The magicians seek to increase the apparent thrill and reduce the risk of accident. Or so it seems. As they seek out more elaborate and astounding illusions, the magicians also begin to imagine intersections between science and art, performance and truth. “The secret,” instructs Alfred, “impresses no one. The trick you use it for is everything.” His very sweet wife Sarah (Rebecca Hall) wonders at his dedication, her measly paycheck supporting them as he ponders his future, increasingly removed from her and their young daughter Jess (Samantha Mahurin). Her first attempts to keep his attention are playful and telling: she asks him on different days to say he loves her, each time parsing his capacity. “Today you mean it,” she judges, though he doesn’t always. Sarah makes her tentative peace with his two selves: “I like being able to tell the difference,” she says, because when he does mean it, she can feel thrilled by the comparison to when he doesn’t.

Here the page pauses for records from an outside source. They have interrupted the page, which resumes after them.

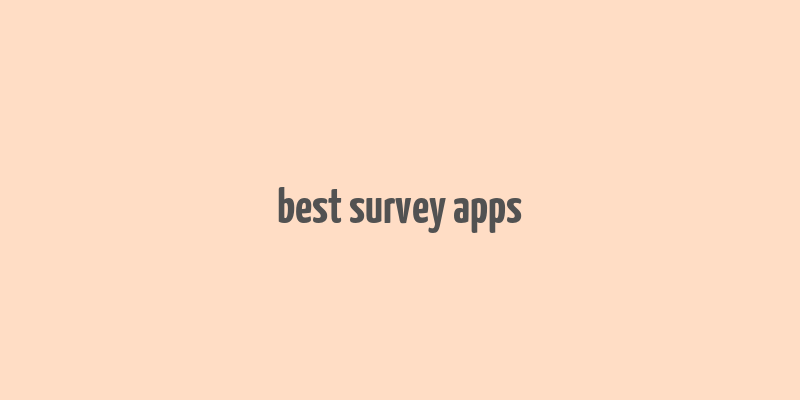 best survey apps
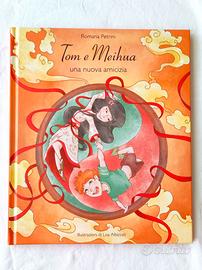Libro "Tom e Meihua, una nuova amicizia"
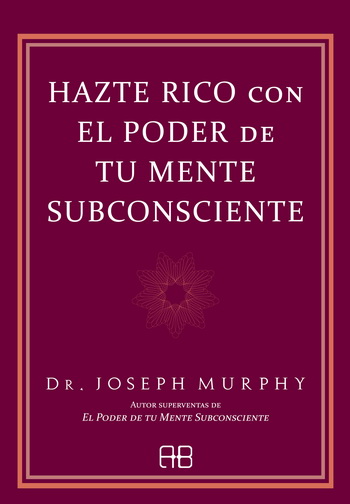Expande el poder de tu mente subconsciente. Contiene El poder de tu ...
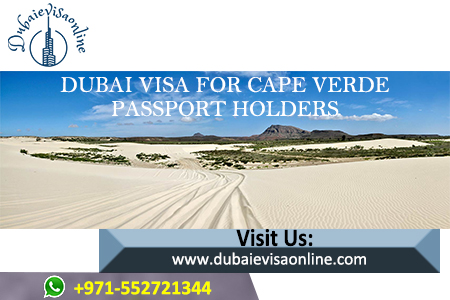 Dubai Visa For Cape Verdean Citizens : Requirements & Process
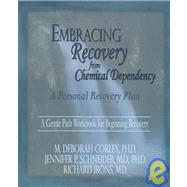 Embracing Recovery from Chemical Dependency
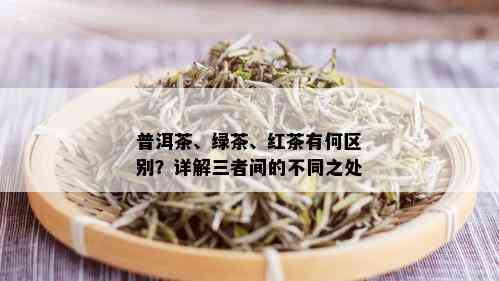 普洱茶、绿茶、红茶有何区别？详解三者间的不同之处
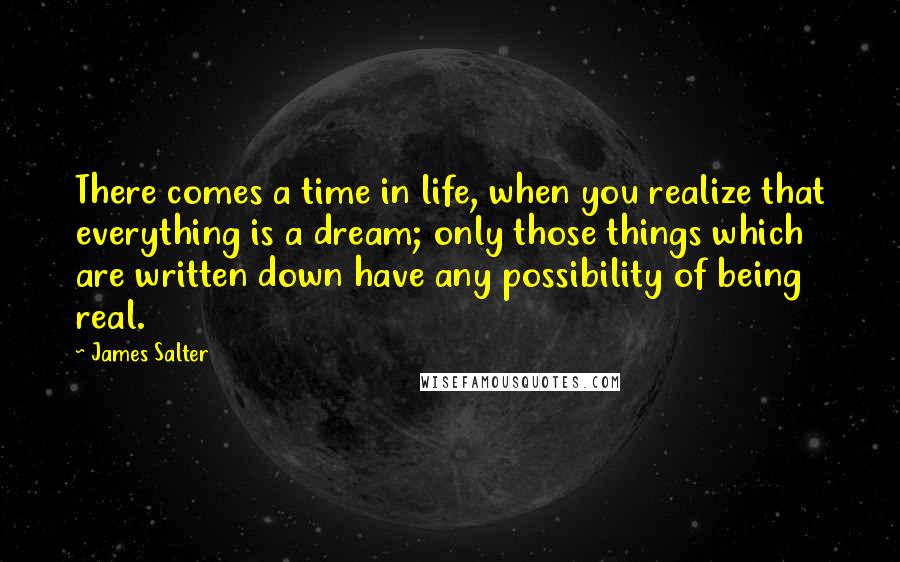 James Salter Quotes: There comes a time in life, when you realize that everything is a dream; only those things which are written down have any possibility of being real.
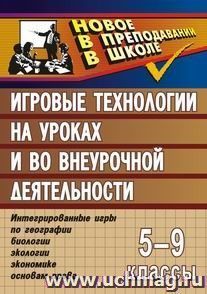 Игровые технологии на уроках и во внеурочной деятельности (геогр.,биолог.,эколог.,эконом.). 5-9кл. — интернет-магазин УчМаг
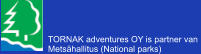 TORNAK adventures OY is partner van  Metsähallitus (National parks)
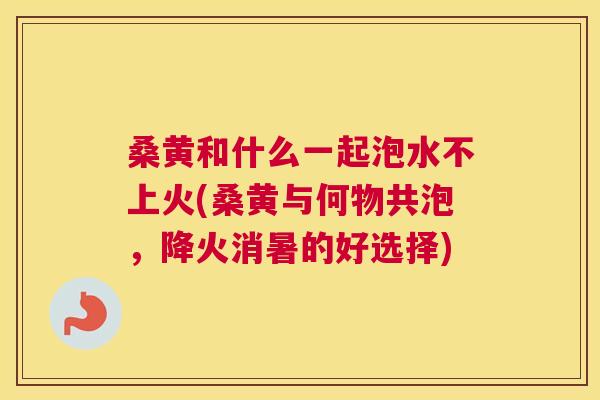 桑黄和什么一起泡水不上火(桑黄与何物共泡,降火消暑的好选择) 桑黄和什么一起泡水不上火(桑黄与何物共泡,降火消暑的好选择)
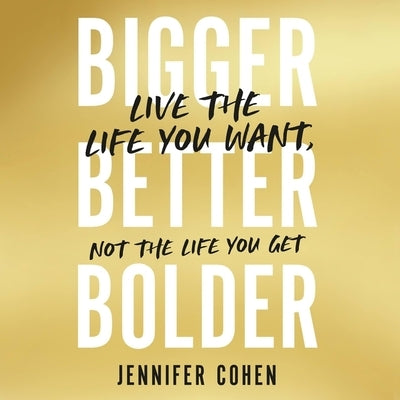Bigger, Better, Bolder: Live the Life You Want, Not the Life You Get by Cohen, Jennifer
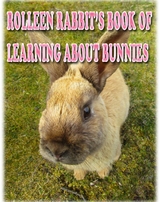 Rolleen Rabbit's Book of Learning About Bunnies - Rowena Kong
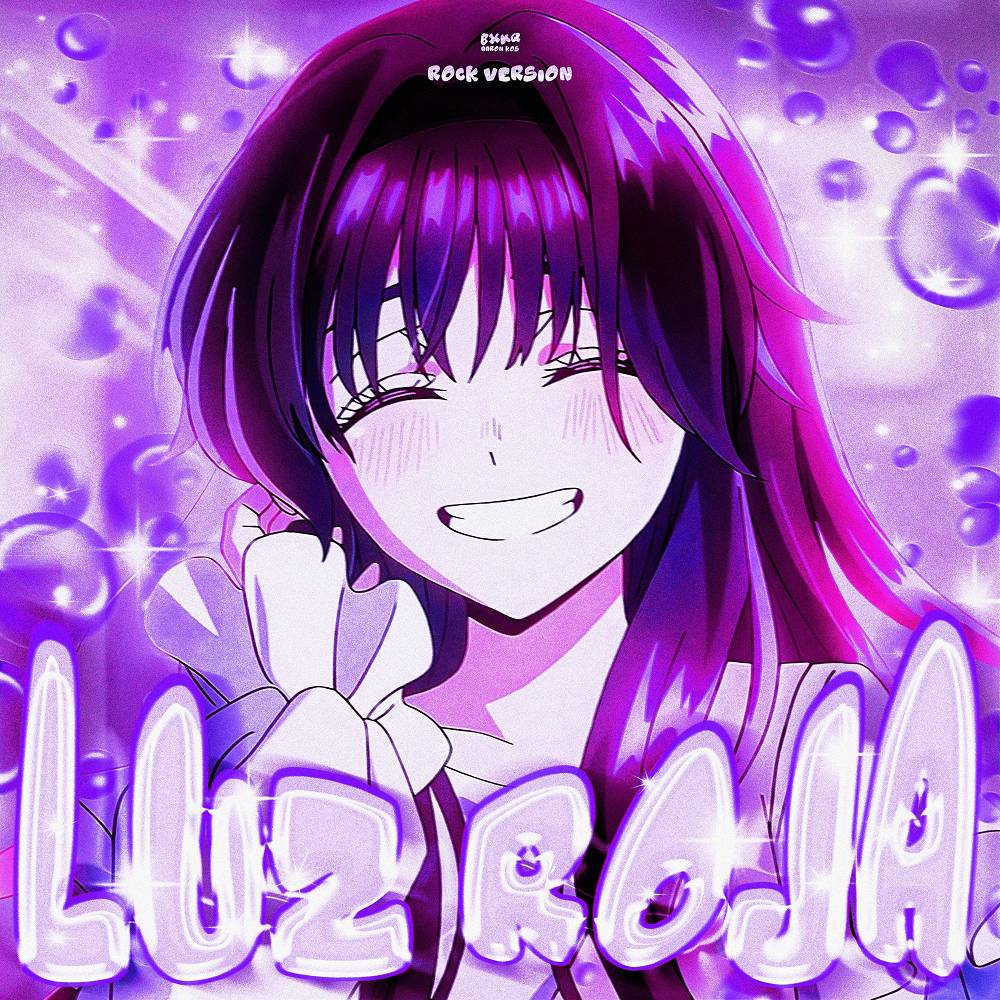 LUZ ROJA (Rock Version) - bxkq & Aaron Kos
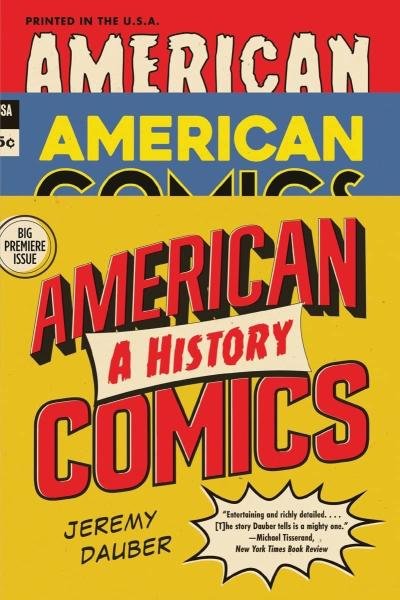 American Comics : A History - Jeremy Dauber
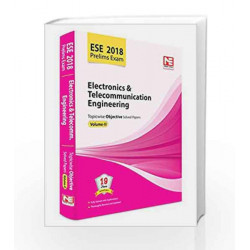 ESE 2018 Preliminary Exam: Electronics&Telecommunication Engineering-Topicwise Objective Solved Papers-Vol.2 by Editorial Board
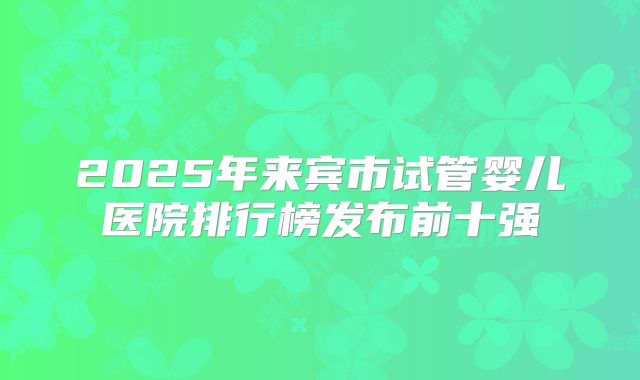 2025年来宾市试管婴儿医院排行榜发布前十强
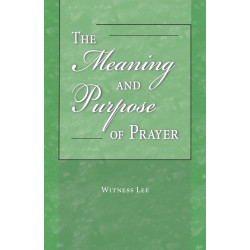 Meaning and Purpose of Prayer, The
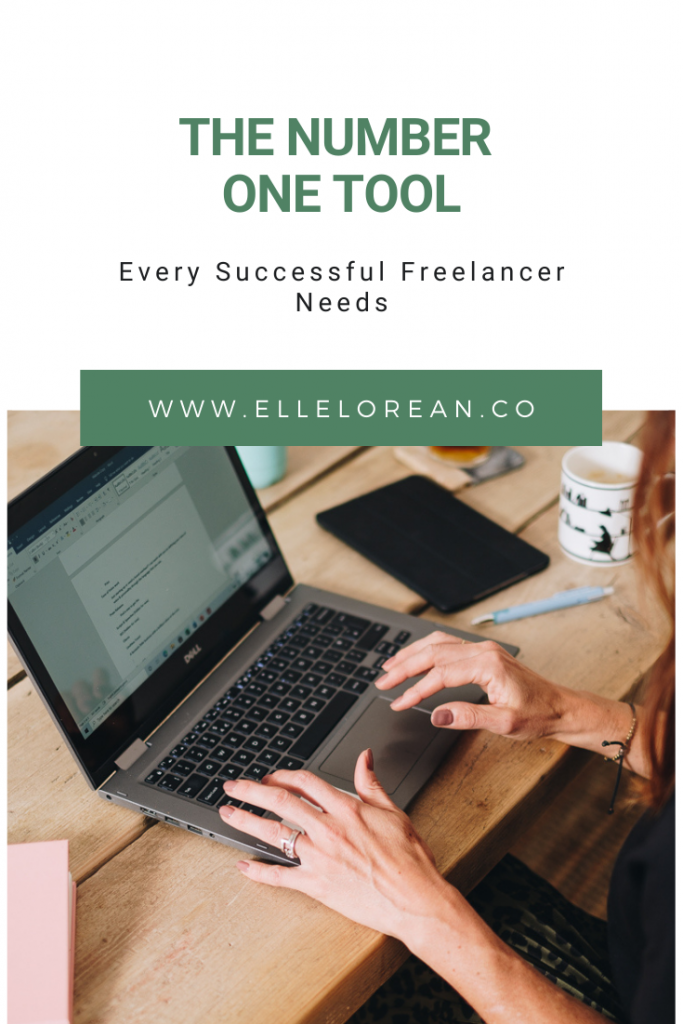 The Number One Tool Every Successful Freelancer Needs 2 The Number One Resource or Tool Every Successful Freelancer Needs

Thus Sarah is seemingly relegated to the role of longsuffering helpmeet (and mother), her frustrations eventually visible in her drinking and occasional outburst. When at last she tells Alfred, “I know what you are,” the confrontation takes place as a scene partly overheard by Jess and her minder, who stand on the other side of a closed door. She may know, but it doesn’t matter. Alfred’s split self is turning toxic in front of her, even as it typifies the socio-industrial paradigm shift mapped out in The Prestige.
The split becomes even more pronounced when Alfred takes a lover, Robert’s former assistant Olivia (Scarlett Johansson), whom Cutter describes as a pretty girl whose inexperience matters less than the fact that “she knows how to present herself,” that is, she provides an appropriate distraction on stage. She serves a similar function in the film, while also exposing the men’s relationship as a series of splits that are also connections.
She also mirrors Sarah, much as the men mirror one another. During a dinner Alfred arranges, seating his mistress opposite his wife, Olivia calls him “Freddy.” With this, the women share a moment. They both understand they’re competing, predictably, for affection, security, and commitment from their man. But they also know they cannot “win.”
The men, by contrast, continue to pursue victory, imagining that the costs won’t outweigh whatever pleasure they find in besting their opponent. The contest turns increasingly aggressive, with each increasingly isolated and spiteful. Robert’s efforts to reproduce Alfred’s signature trick — The Transported Man — take him to Colorado Springs, where an inventor named Tesla (David Bowie) is conducting experiments involving wild displays of electrical charges and a faithful assistant (Andy Serkis, sans digital body-mapping), all locked up inside a spooky lab in the mountains that evokes Victor Frankenstein’s.
The fact that Tesla also runs into trouble with a couple of shady types referred to as “Edison’s men” raises the specter of commercial competition, yet another layer in the film’s study of illusion and replication. The magicians chase after control of their illusions, performances that fool audiences who want to be fooled. They believe that their competition depends on knowing each other’s secrets, on not being fooled. But they are ever fooled, as each believes he is the more original prestidigitator. Ironically, this makes them, as Olivia observes angrily, “perfect for each other.”